Ist Reality-TV also ein Rückschritt für die Zivilisation?

Ich sage nicht, dass Reality-TV den Untergang des amerikanischen Imperiums bedeutet, aber ich sage, das Colosseum und der Circus Maximus haben zum Untergang des Römischen Reiches beigetragen. Die Römer waren von den Spielen besessen. Je mehr das Römische Reich zerfiel, desto besessener wurden sie. In unserer Welt ist es offenbar, dass das amerikanische Imperium untergeht. Und dieser Untergang steht meines Erachtens auch in Verbindung mit dem zunehmenden Einfluss des Reality-TV.

Also füttern Sie den Untergang?

(Lacht) Ich kommentiere ihn nur. Ich schüre das Feuer nicht.

In der Gewaltdiskussion sagen die einen, die Medien geben dem Publikum, was es haben will. Die anderen behaupten, das Angebot macht die Nachfrage. Was war denn nun zuerst da, die Henne oder das Ei?
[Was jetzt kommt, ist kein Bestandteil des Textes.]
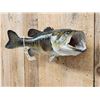 Image 6 : 23" Largemouth Bass Real Skin Fish Taxidermy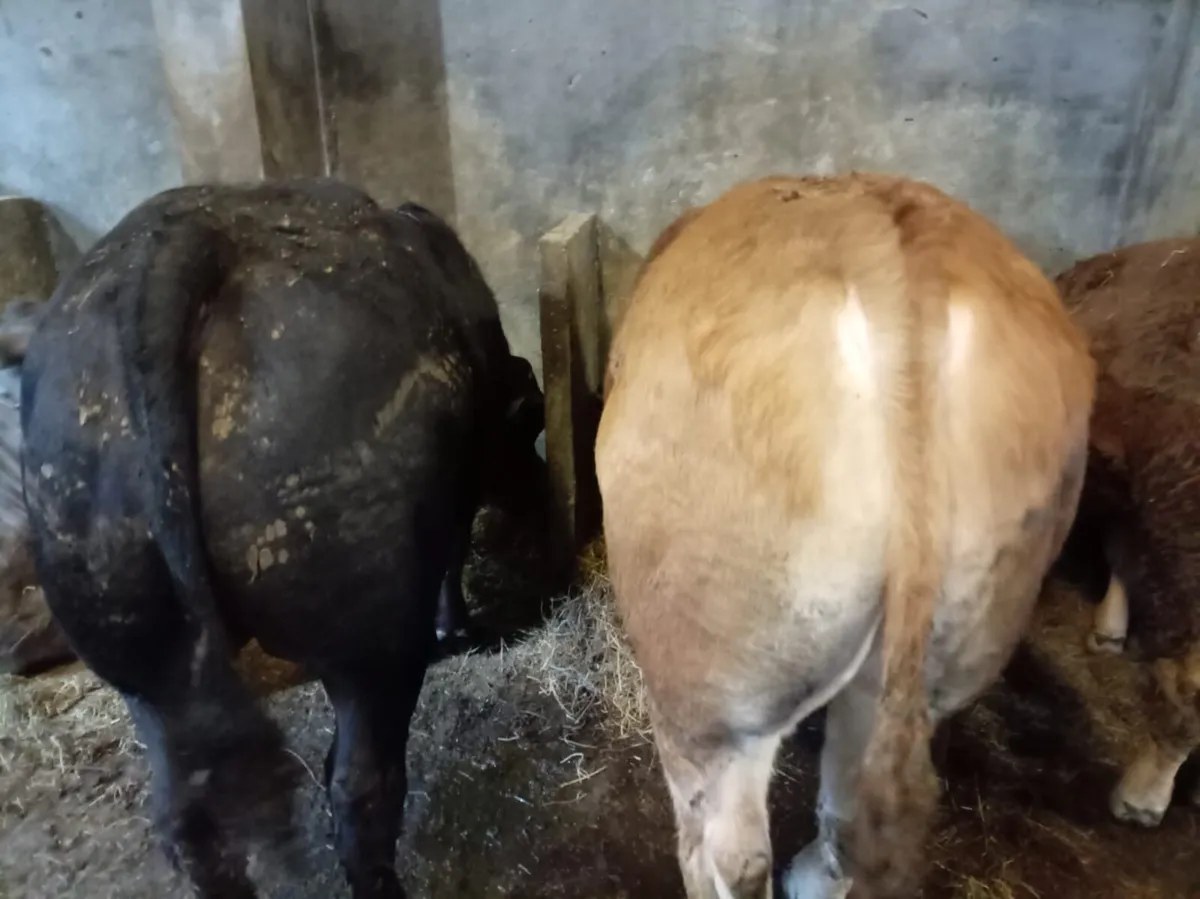 4* limousine weanling heifer and bulls - Image 4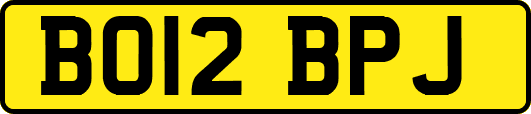 BO12BPJ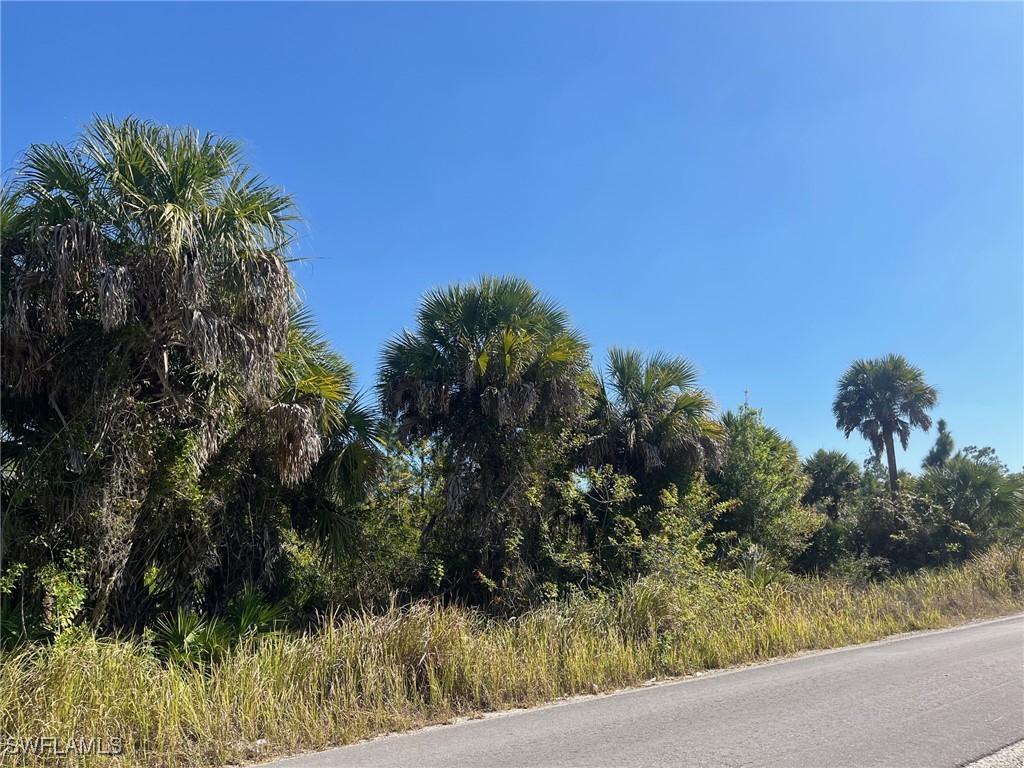 Dove Tree Street Naples FL 34117 226003009 image2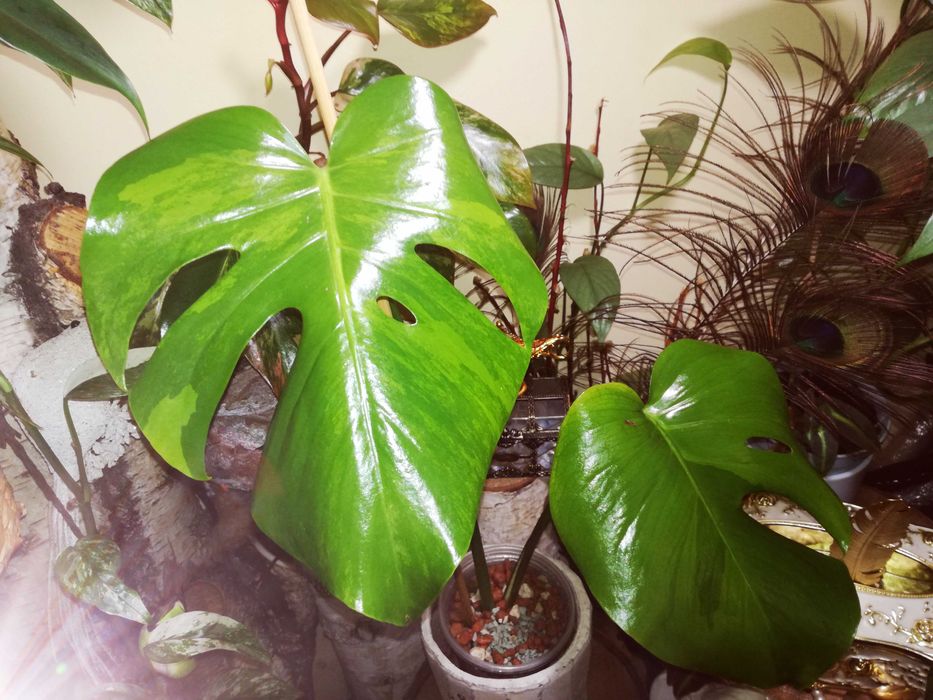 Monstera Green on Green Variegata GoG Large F philodendron filodendron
In der Entwicklung des Menschen sind wir noch nicht besonders lange eine zivilisierte Gesellschaft. Ein paar Tausend Jahre, und wir rennen schon wesentlich länger auf dem Planeten herum. Wir sind genetisch darauf programmiert, vor Säbelzahntigern wegzulaufen. Die Menschen damals hatten wesentlich aufregendere Leben als wir heute. Wir müssen normalerweise nicht mehr um unser Leben fürchten. Filme bieten ein wichtiges Ventil für Wut, Angst, für all diese Emotionen, die wir als Menschen brauchen. In Filmen können wir sie begrenzt und kontrolliert erleben.

Und was heißt das nun?

Wir kriegen die Medien, die wir verdienen.